Follow the principles of least knowledge (Law of Demeter). Each unit should have only limited knowledge about other units, i.e. don’t talk to strangers.

class GroundStation:
    def __init__(self, station_name, kite):
        self.station_name = station_name
        self.kite = kite

    def get_kite_name(self):
        return self.kite.get_name()

class Kite:
    def __init__(self, name):
        self.name = name
        
    def get_name(self):
        return self.name    

# Usage
kite = Kite("Kite_1")
ground_station = GroundStation("TUD", kite)
kite_name = ground_station.get_kite_name()
class GroundStation:
    def __init__(self, station_name, kite_name):
        self.station_name = station_name
        self.kite_name = kite_name

    def get_kite_name(self):
        return self.kite_name

# Usage
ground_station = GroundStation("TUD", "Kite_1")
kite_name = ground_station.get_kite_name()

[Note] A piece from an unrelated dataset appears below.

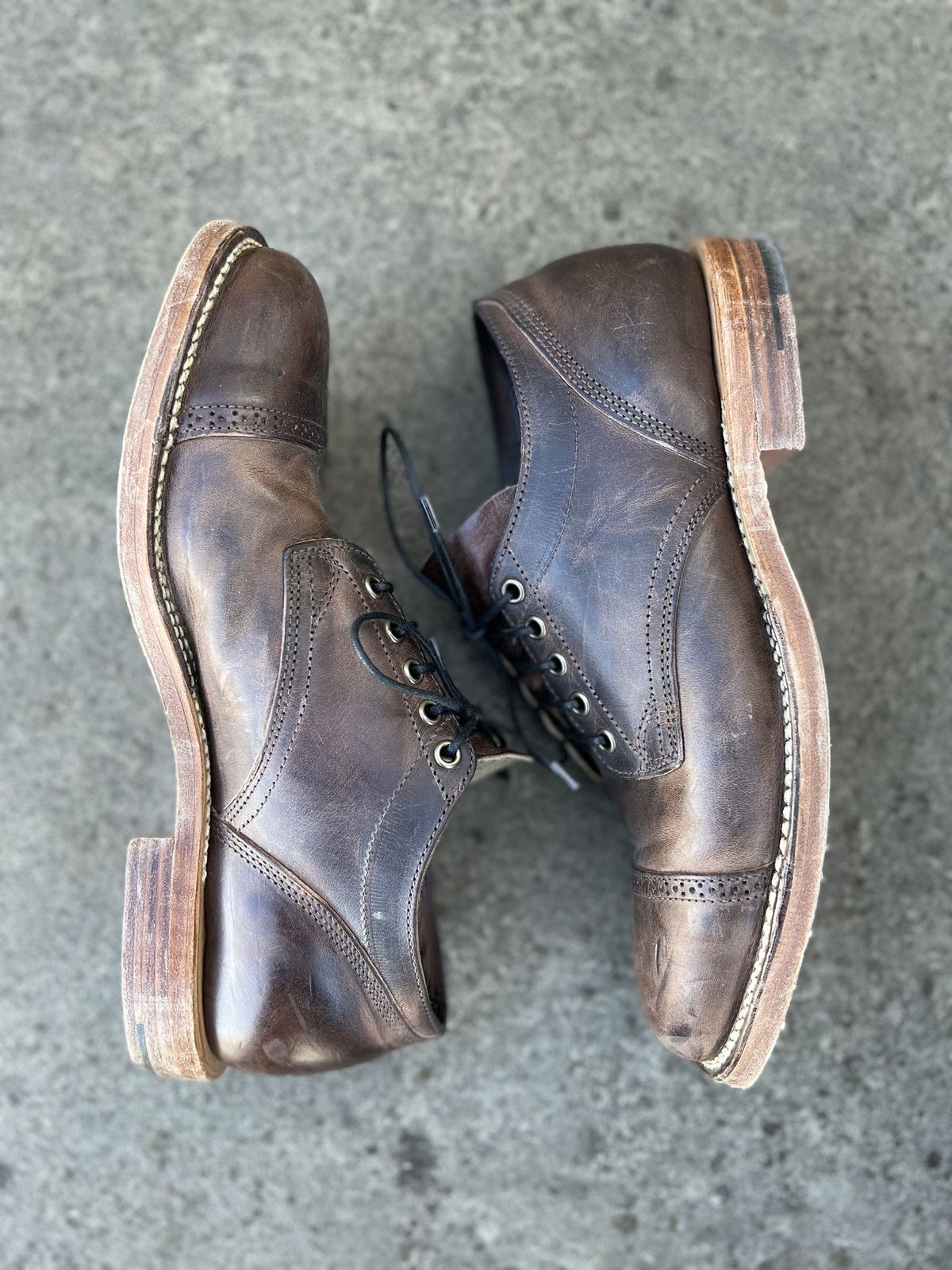 Photo by patinathunderdome on November 5, 2021 of the Viberg 145 Oxford in Horween Rowdy Dachshund.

Side effects and external state

Side effects refer to observable changes or interactions that a function or expression has on the external world beyond its return value. Non-pure functions are functions that have side effects or rely on external state, making their behavior dependent on factors other than their inputs.

Tip

Pure functions are deterministic and have no side-effects.

Instead, non pure functions may

  • modify state outside their scope, such as changing the value of a global variable, printing to the console, or modifying files
  • produce different results for the same input depending on the state of external (global) variables or resources
  • use random number generation and are thus non-deterministic
  • read input from the user or write output to a display
  • interact with databases, APIs, or other external services
Solution

Ensure that each function or module has a single responsibility. Break down complex functions into smaller, focused functions that perform specific tasks. This helps in isolating non-pure functions with side effects from pure functions.

CC-BY-4.0 CodeRefinery

Dead and commented code

Dead and commented code refers to parts of the code that are no longer in use or have been superseded but are not deleted, only commented out. Such code can clutter the codebase, making it hard to read and maintain.

Solution

Remove it. Commit the removal of the commented-out code with a meaningful commit message explaining why it was removed. This allows you to track the change and easily revert it if necessary.